» **Problem to work on**: Output only the lines that run from the line holding "Seamless eye-catched pattern" to the end of the entries, both ends included, and skip the pictures.

» **Provided records**:

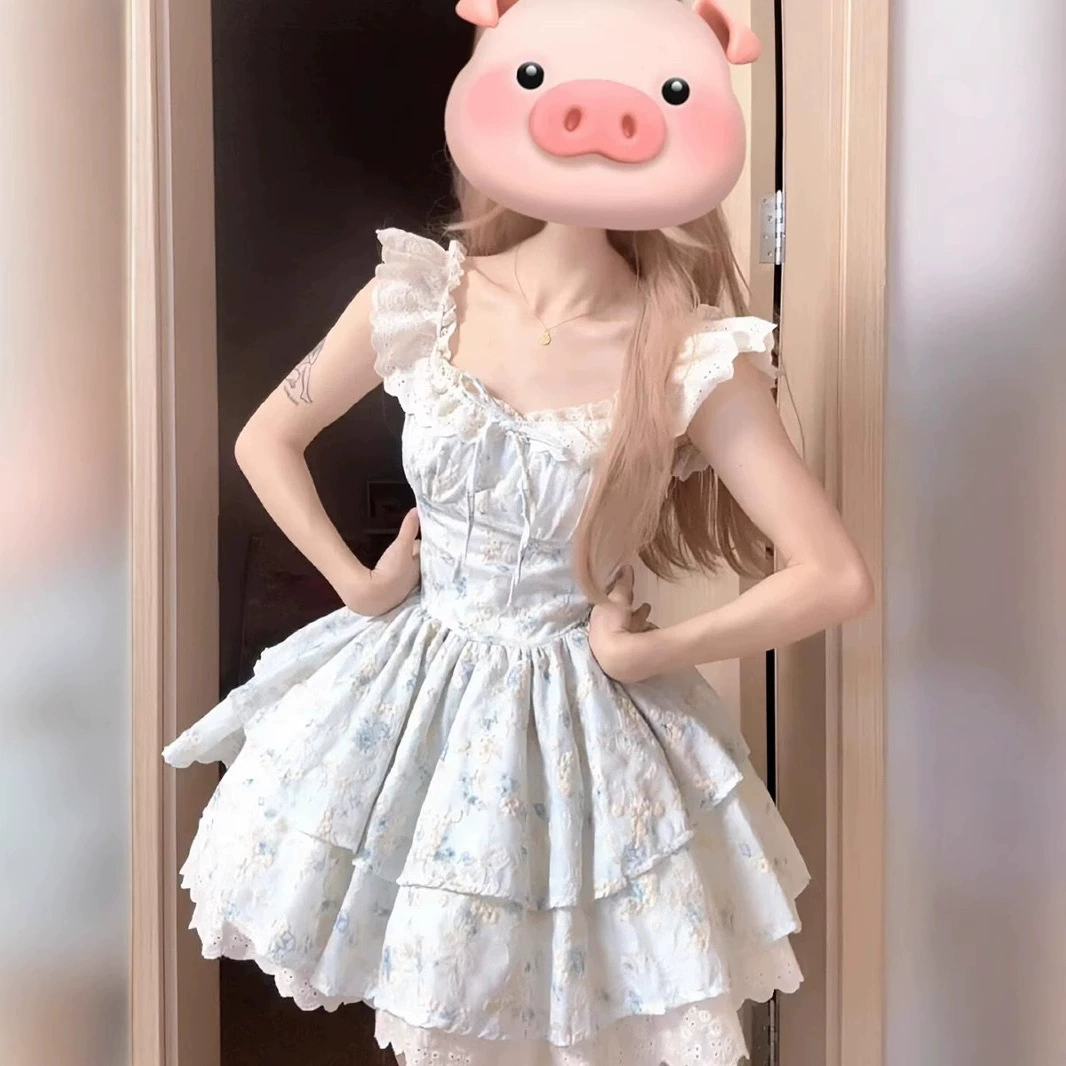 Цветочное платье из вишневого ткачества женское лето французская сладкая милая маленькая летающая юбка кружевной торт пушистая юбка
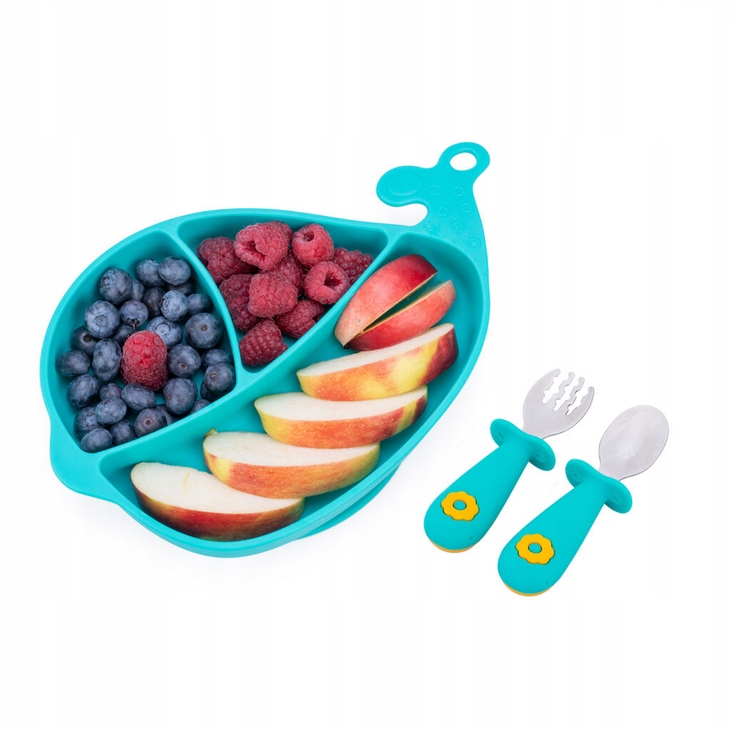 GiliGums TALERZ TRÓJDZIELNY Z PRZYSSAWKĄ + SZCZTUĆCE MORSKI 6M+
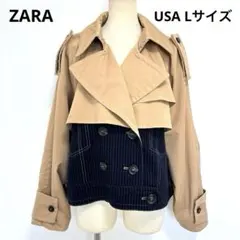 ZARA ザラ ショートコントラスト トレンチコート 大きいサイズ 切替 異素材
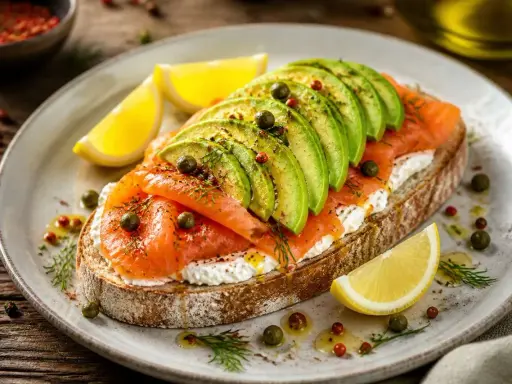 Un toast gourmand avec avocat, saumon fumé, fromage frais, câpres et citron. Un délice pour les papilles !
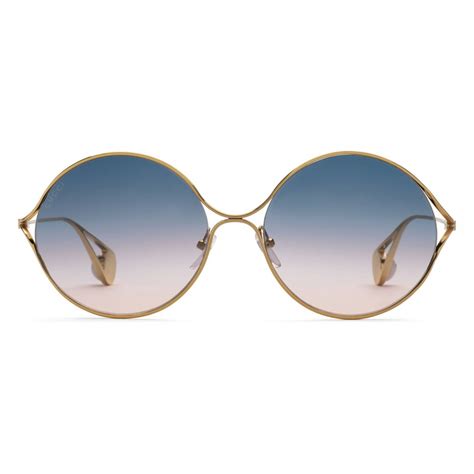 Gucci Round Frame Metal Sunglasses Gold Forked Gucci Eyewear Avvenice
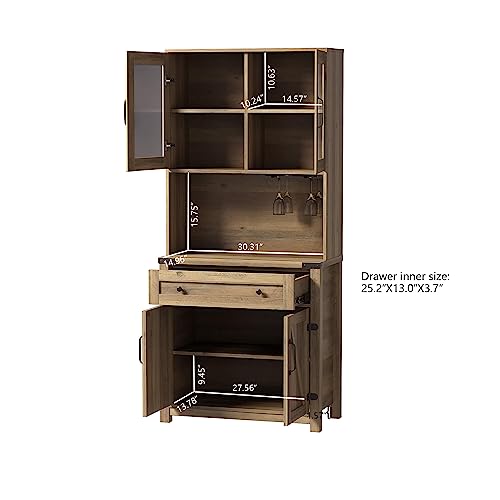 72 inch Tall Kitchen Pantry Cabinet Storage Hutch with Countertop and Doors E5199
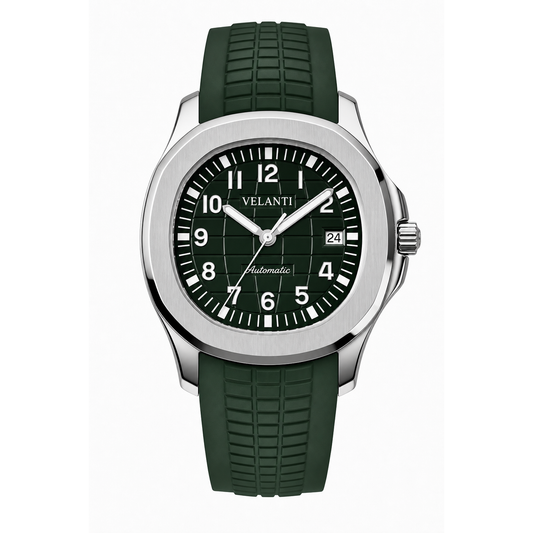 Aquanaut-style custom mod watch, Velanti Milano Velnaut Green, main product photo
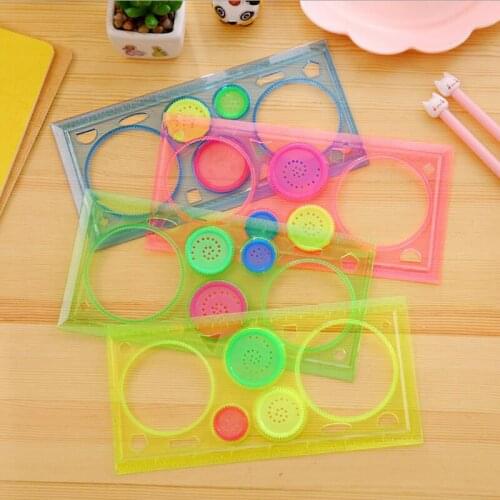 1pc Painting Multi-function Interesting Toys Spirograph Children Drawing Plastic Ruler Can Improve Start Work Ability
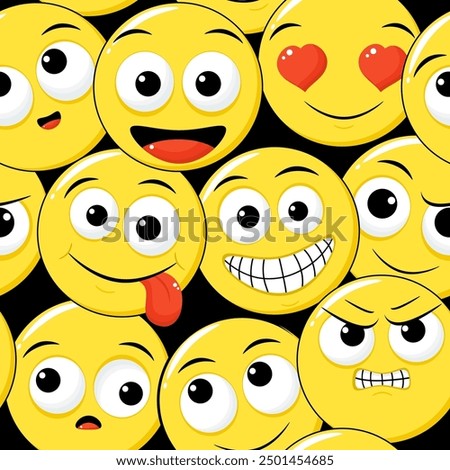 Seamless eye-catched pattern with emoticons. Cartoon emoji faces in different expressions. Endless texture can be used for textile pattern fills, t-shirt design, web page background. Vector EPS8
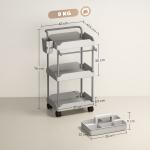 Carrinho Auxiliar com Rodas de 3 Níveis com Cestos Extraíveis Suporte para Toalhas e Estrutura de Metal 42x42,5x76 cm Cinza
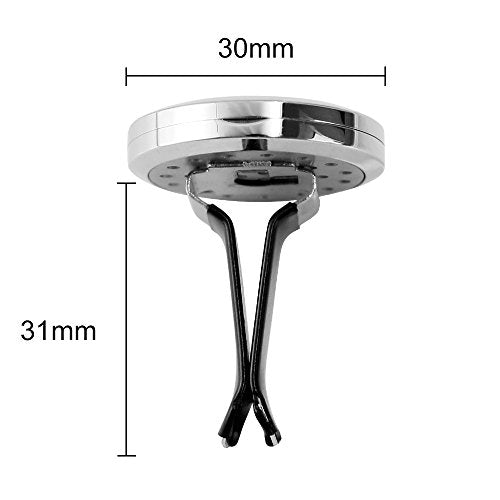RoyAroma Car Air Freshener, 2PCS 30mm Car Aromatherapy Essential Oil Diffuser Stainless Steel Cars Diffuser with Vent Clip 12 Felt Pads - color: Silver a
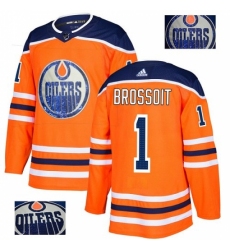 Men's Adidas Edmonton Oilers #1 Laurent Brossoit Authentic Orange Fashion Gold NHL Jersey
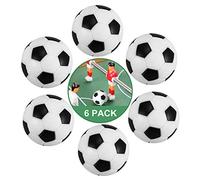 ZAWTR Balles de Baby Foot 32 mm, 6 Pièces Mini Balle Baby Foot Balles de Rechange, Balles Babyfoot de Table en Plastique pour Enfants et Adultes Fournitures de Jeu de Foot Ball (Noir et Blanc)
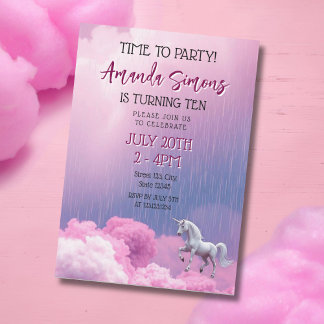 Invitación Dreamy Cloud Unicorn Fantasy Girl 10th Birthday
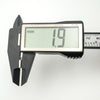 Digital caliper showing depth of sterling silver J hoop earring as 1.9mm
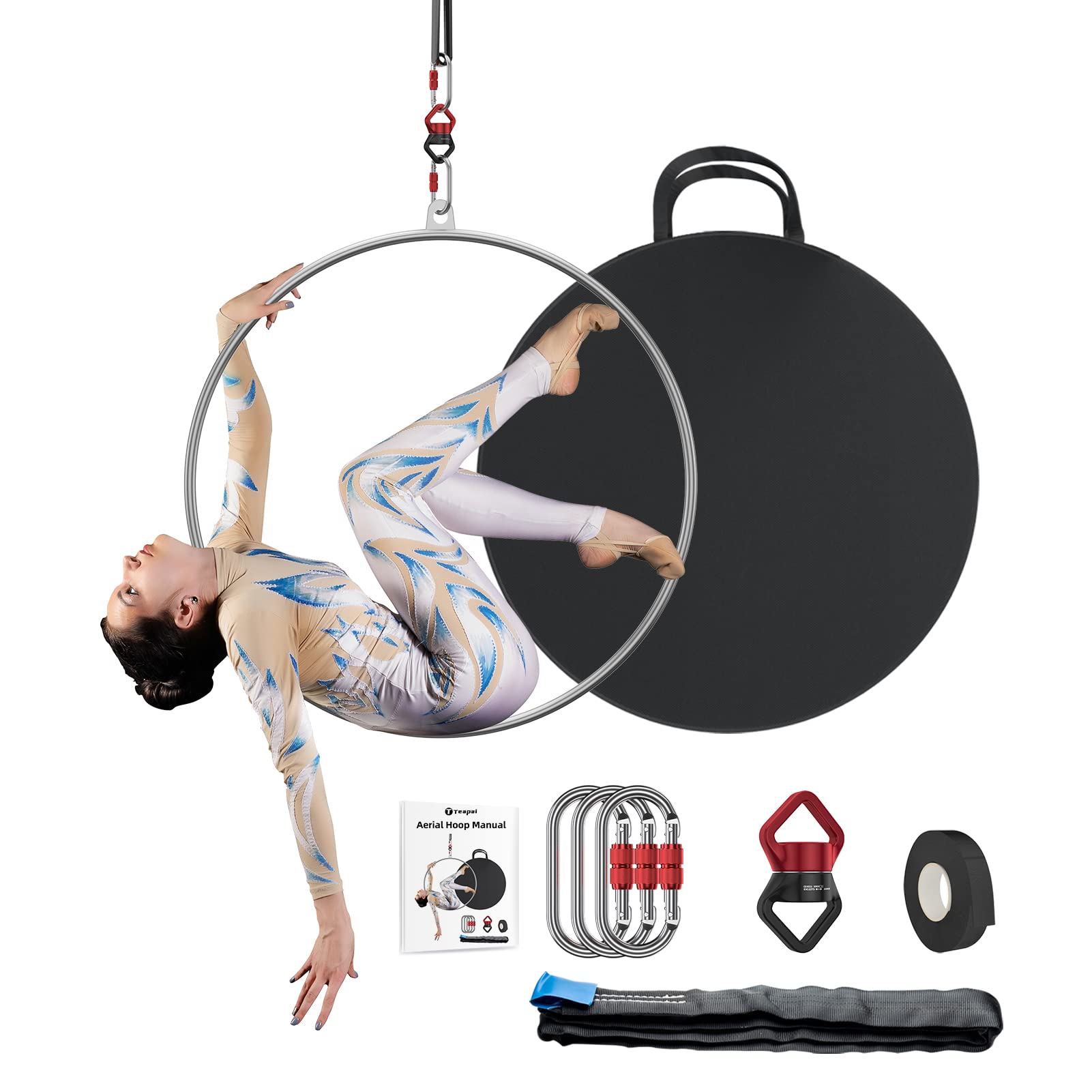 Professional Aerial Hoop Set - 500lbs Weight Capacity Lyra Ring with Rigging Kit, Tape & Storage Bag - Perfect for Aerial Yoga, Circus Training & Home Fitness Workouts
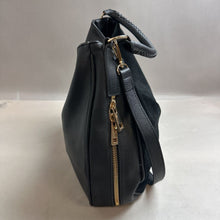 Load image into Gallery viewer, H&amp;M Black Faux Leather &amp; Suede Hobo Bag Purse w/ Crossbody Strap (14x16x4&quot;)
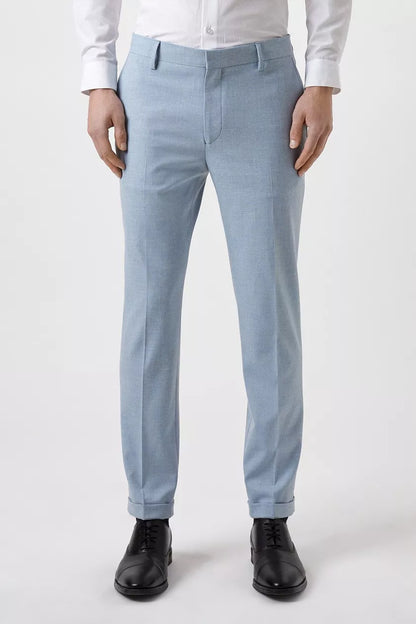 Skinny Fit End On End Trouser Pale Blue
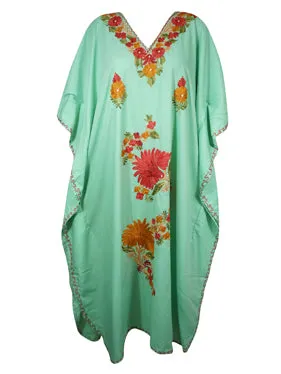 Holiday Kaftan Maxi dress Embroidered Oversized Kimono Caftan Dress L-2X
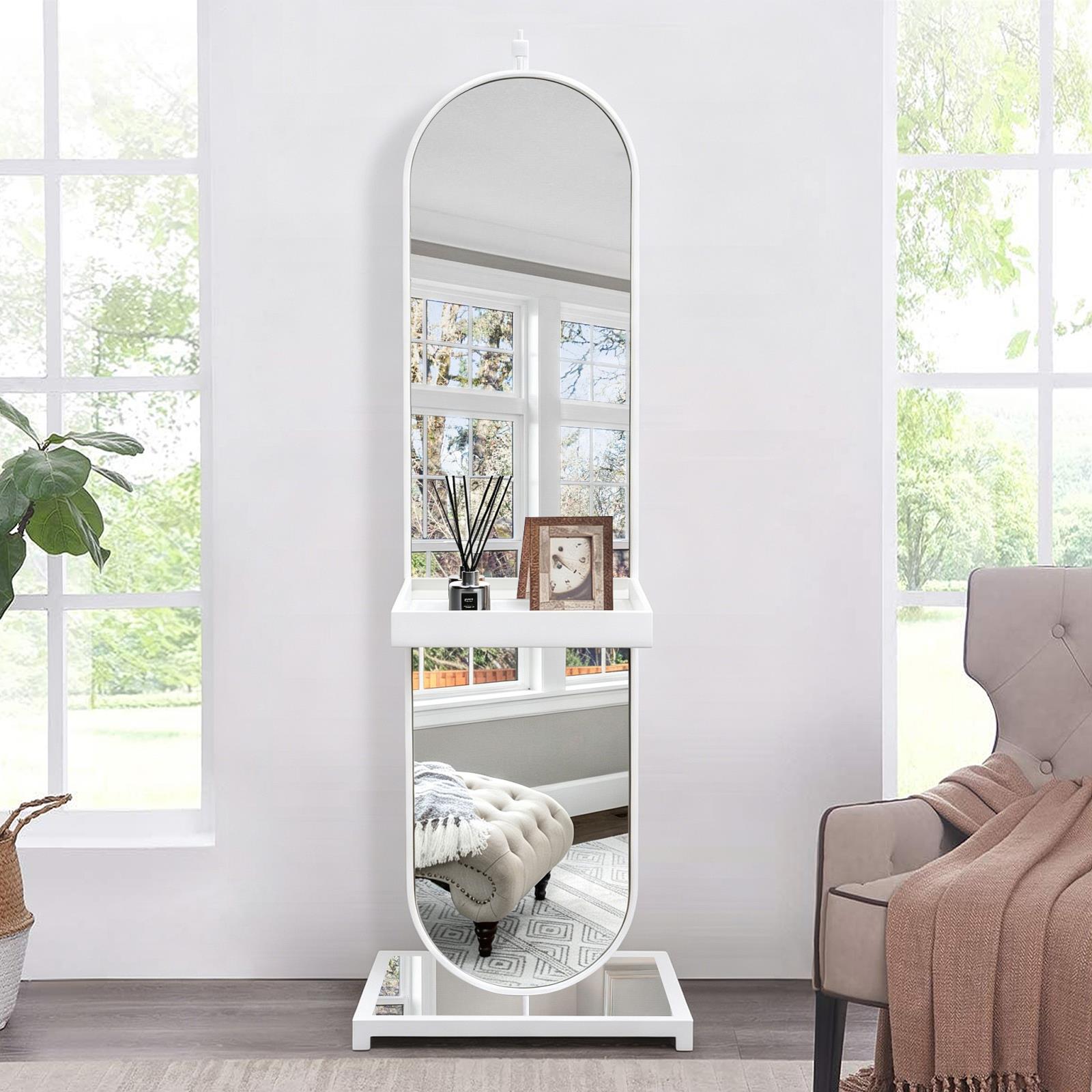 White Frame Rotating Full Length Floor Mirror with Coat Rack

» **Result**:
 Seamless eye-catched pattern with emoticons. Cartoon emoji faces in different expressions. Endless texture can be used for textile pattern fills, t-shirt design, web page background. Vector EPS8
 Carrinho Auxiliar com Rodas de 3 Níveis com Cestos Extraíveis Suporte para Toalhas e Estrutura de Metal 42x42,5x76 cm Cinza
RoyAroma Car Air Freshener, 2PCS 30mm Car Aromatherapy Essential Oil Diffuser Stainless Steel Cars Diffuser with Vent Clip 12 Felt Pads - color: Silver a
 Men's Adidas Edmonton Oilers #1 Laurent Brossoit Authentic Orange Fashion Gold NHL Jersey
 ZAWTR Balles de Baby Foot 32 mm, 6 Pièces Mini Balle Baby Foot Balles de Rechange, Balles Babyfoot de Table en Plastique pour Enfants et Adultes Fournitures de Jeu de Foot Ball (Noir et Blanc)
 Invitación Dreamy Cloud Unicorn Fantasy Girl 10th Birthday
 Digital caliper showing depth of sterling silver J hoop earring as 1.9mm
 Professional Aerial Hoop Set - 500lbs Weight Capacity Lyra Ring with Rigging Kit, Tape & Storage Bag - Perfect for Aerial Yoga, Circus Training & Home Fitness Workouts
 Load image into Gallery viewer, H&amp;M Black Faux Leather &amp; Suede Hobo Bag Purse w/ Crossbody Strap (14x16x4&quot;)
 Skinny Fit End On End Trouser Pale Blue
 Holiday Kaftan Maxi dress Embroidered Oversized Kimono Caftan Dress L-2X
 White Frame Rotating Full Length Floor Mirror with Coat Rack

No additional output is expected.